ARCO discovered Alaska's first commercial oil field, at Swanson River. It was ARCO that, along with Exxon Corp., drilled the initial discovery well at Prudhoe Bay. And it was BP that confirmed the extent of the Prudhoe strike, the biggest field in North America. The two firms have shared operatorship of the Prudhoe Bay Unit (PBU), each operating half of the unit. And the two have been responsible for discovering and developing the vast majority of the oil and gas reserves discovered to date on Alaska's North Slope since the Prudhoe strikes. The combination also creates a significant consolidation of ownership interests in the Trans-Alaska Pipeline System (TAPS), which transports almost 20% of U.S. crude oil production.
While mergers of giant oil companies always raise antitrust concerns-and BP Amoco-ARCO is no exception-these two firms' dominance of Alaska's oil and gas sector has raised alarms within that state. At least one grassroots consumer organization has been formed to put severe restrictions on the combined company within Alaska. And some environmental lobby groups have complained that the combined company might not uphold the extensive environmental commitments for which ARCO has always enjoyed a sterling reputation in the state.
There are also concerns about how the merger will affect the outlook for marketing Alaska's vast, stranded natural gas reserves, with talk of various scenarios suddenly reemerging as a hot-button issue in the state.

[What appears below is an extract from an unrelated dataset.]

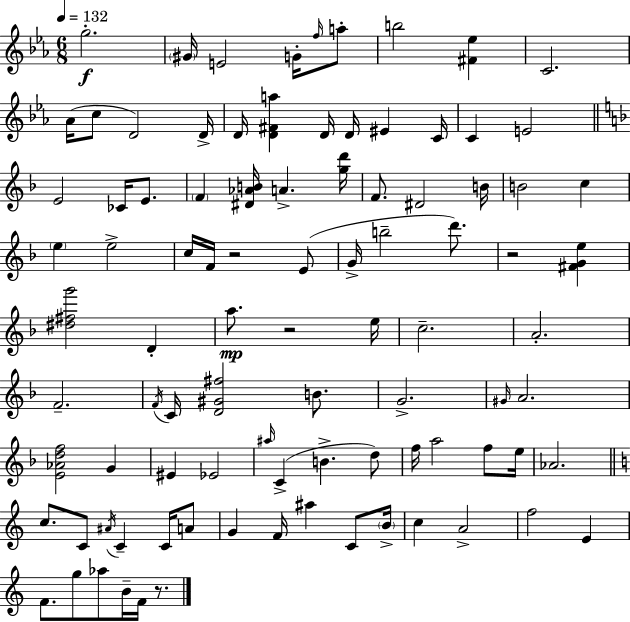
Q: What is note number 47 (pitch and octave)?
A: G4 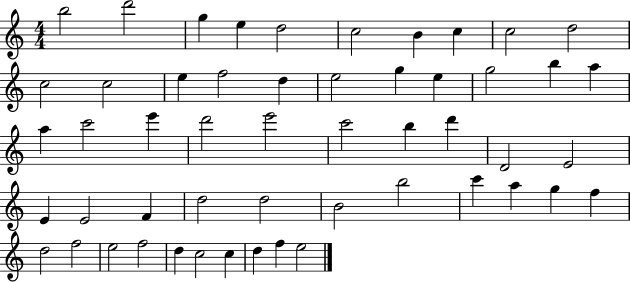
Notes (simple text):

B5/h D6/h G5/q E5/q D5/h C5/h B4/q C5/q C5/h D5/h C5/h C5/h E5/q F5/h D5/q E5/h G5/q E5/q G5/h B5/q A5/q A5/q C6/h E6/q D6/h E6/h C6/h B5/q D6/q D4/h E4/h E4/q E4/h F4/q D5/h D5/h B4/h B5/h C6/q A5/q G5/q F5/q D5/h F5/h E5/h F5/h D5/q C5/h C5/q D5/q F5/q E5/h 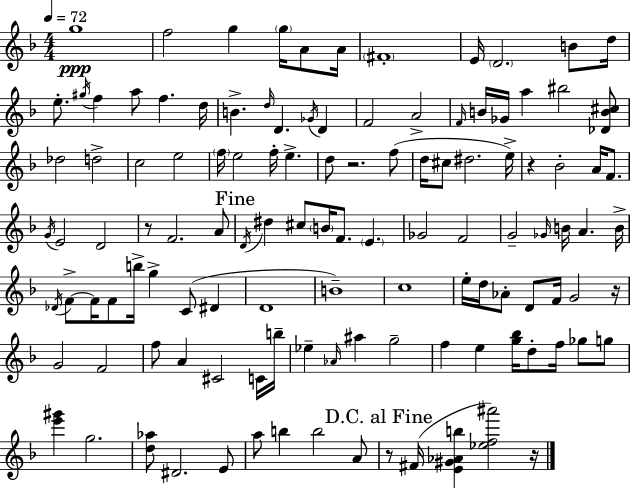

While ARCO continues to press its production, development, and exploration initiatives in Alaska as an essentially independent company until the merger is effective, BP Amoco is pulling out all the stops in a public relations and communications campaign to reassure Alaskans that the merger will prove to be a genuine boon for the state.
In response to the announcement of BP Amoco's impending acquisition of ARCO, Alaska Gov. Tony Knowles put together a task force to analyze the deal's impact on the state and to determine what the state's options are.
In June 30 testimony before the U.S. Senate committee on energy and natural resources, Alaska Att. Gen. Bruce Botelho noted that the task force had not yet finished its analysis but provided an overview of the analysis.
He noted that BP now owns 51% of TAPS and holds a similar percentage of PBU interests, while ARCO owns 22% of TAPS and holds a corresponding interest in PBU.
"ARCO, though smaller in Alaska than BP, has competed vigorously with BP in bidding for and developing new oil fields on the North Slope," Botelho testified. "Looking at the last 10 years of lease sales, ARCO is by far the leading high bidder.
"With the mergerellipsethe two large oil companies that have been the major competitive rivals in Alaska's oil company would become oneellipseThe potential impacts on the oil and gas industry in Alaska and thus on Alaska's economy and its citizens, are major."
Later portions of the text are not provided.